*** PROVIDED RECORDS ***

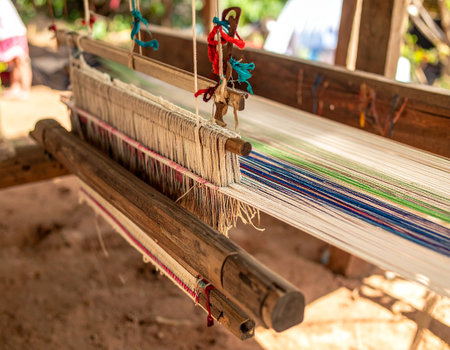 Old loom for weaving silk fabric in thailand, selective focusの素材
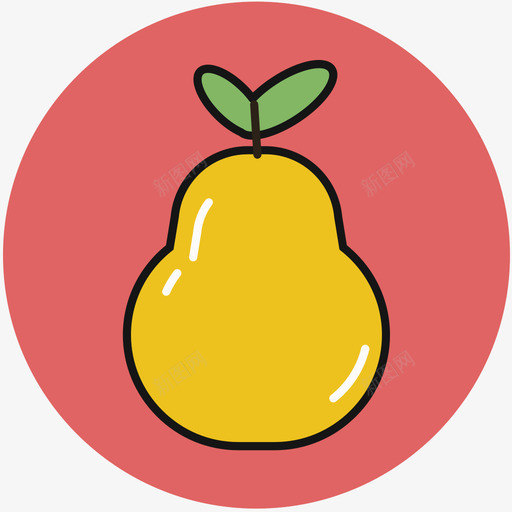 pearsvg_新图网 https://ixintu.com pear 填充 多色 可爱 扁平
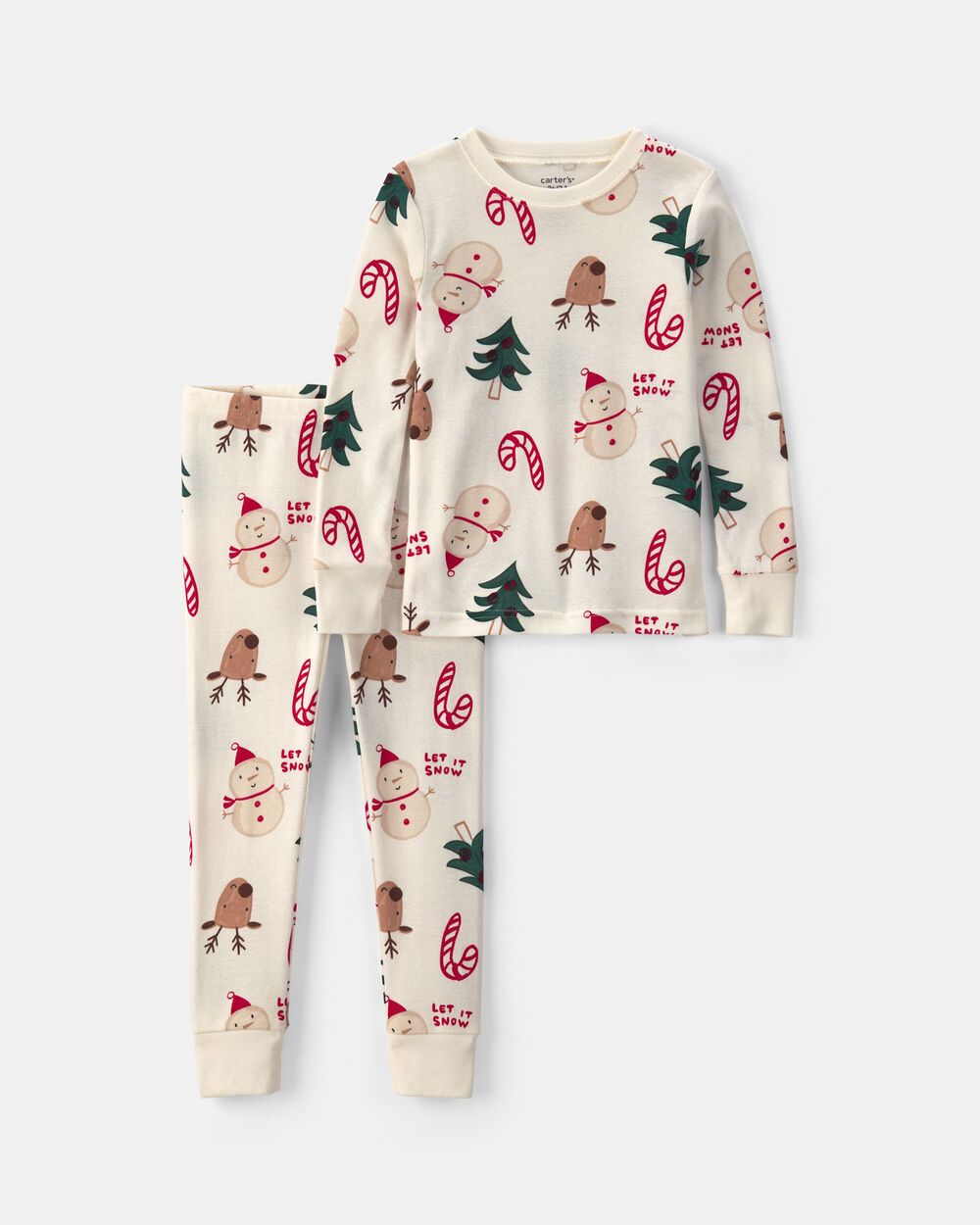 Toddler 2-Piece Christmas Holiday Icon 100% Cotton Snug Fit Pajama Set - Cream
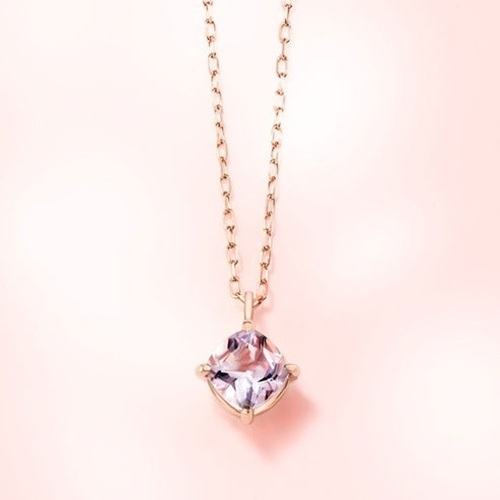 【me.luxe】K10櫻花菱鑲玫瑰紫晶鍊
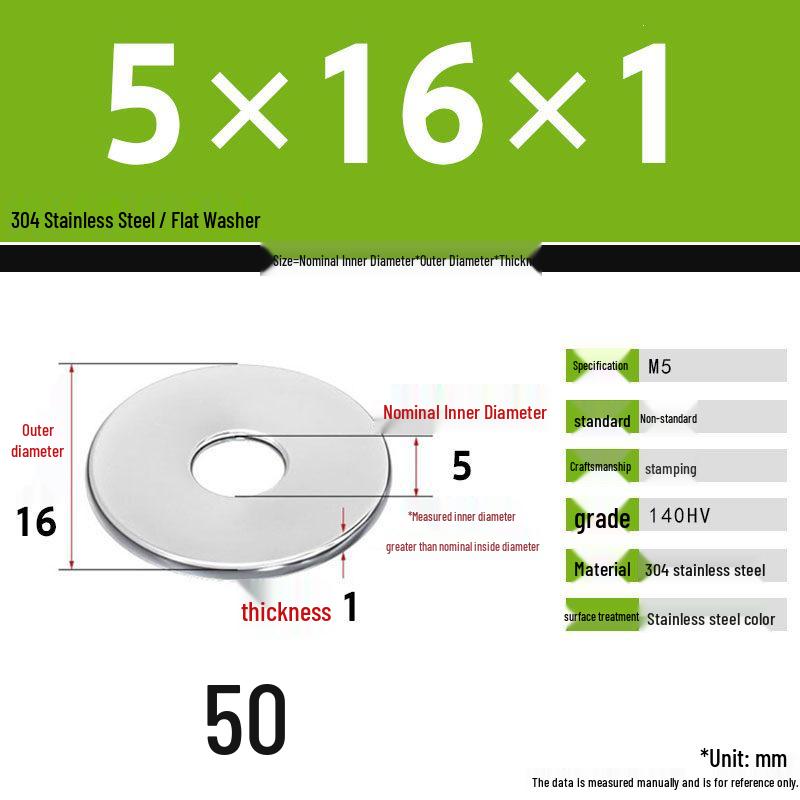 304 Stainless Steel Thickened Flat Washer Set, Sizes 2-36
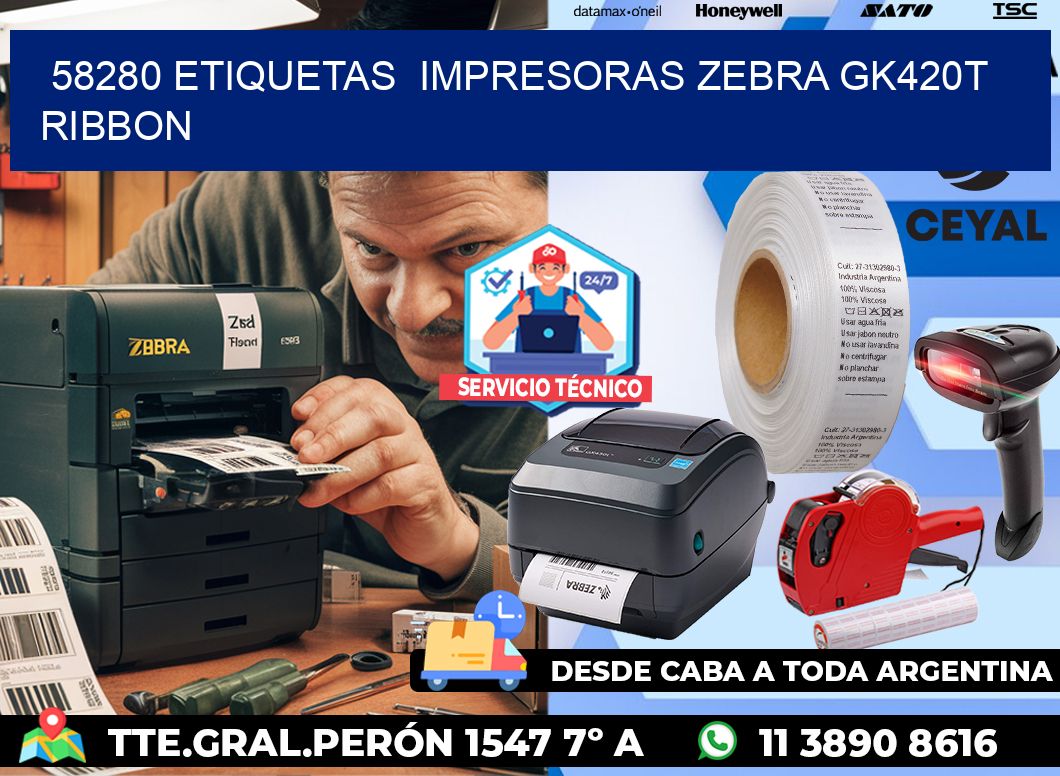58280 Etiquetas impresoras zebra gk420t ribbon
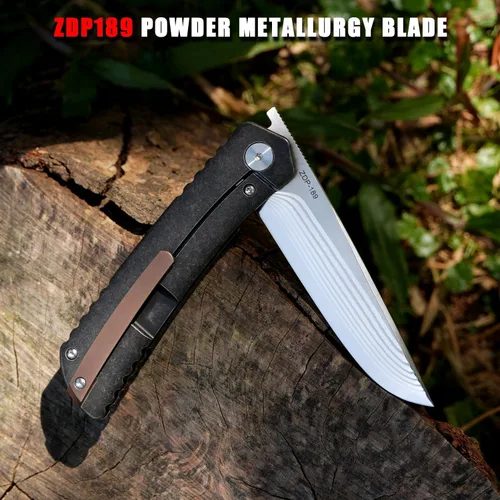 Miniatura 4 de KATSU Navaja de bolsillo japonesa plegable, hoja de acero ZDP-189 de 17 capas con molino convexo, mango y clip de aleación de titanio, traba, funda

*** End of PROVIDED RECORDS ***

§ **WHAT THE TASK REQUIRES**
Please print out the entries above exactly. The pictures stay out.

§ **ANSWER SPACE**
 Old loom for weaving silk fabric in thailand, selective focusの素材
 pearsvg_新图网 https://ixintu.com pear 填充 多色 可爱 扁平
 Toddler 2-Piece Christmas Holiday Icon 100% Cotton Snug Fit Pajama Set - Cream
 【me.luxe】K10櫻花菱鑲玫瑰紫晶鍊
 304 Stainless Steel Thickened Flat Washer Set, Sizes 2-36
58280 Etiquetas impresoras zebra gk420t ribbon
 Miniatura 4 de KATSU Navaja de bolsillo japonesa plegable, hoja de acero ZDP-189 de 17 capas con molino convexo, mango y clip de aleación de titanio, traba, funda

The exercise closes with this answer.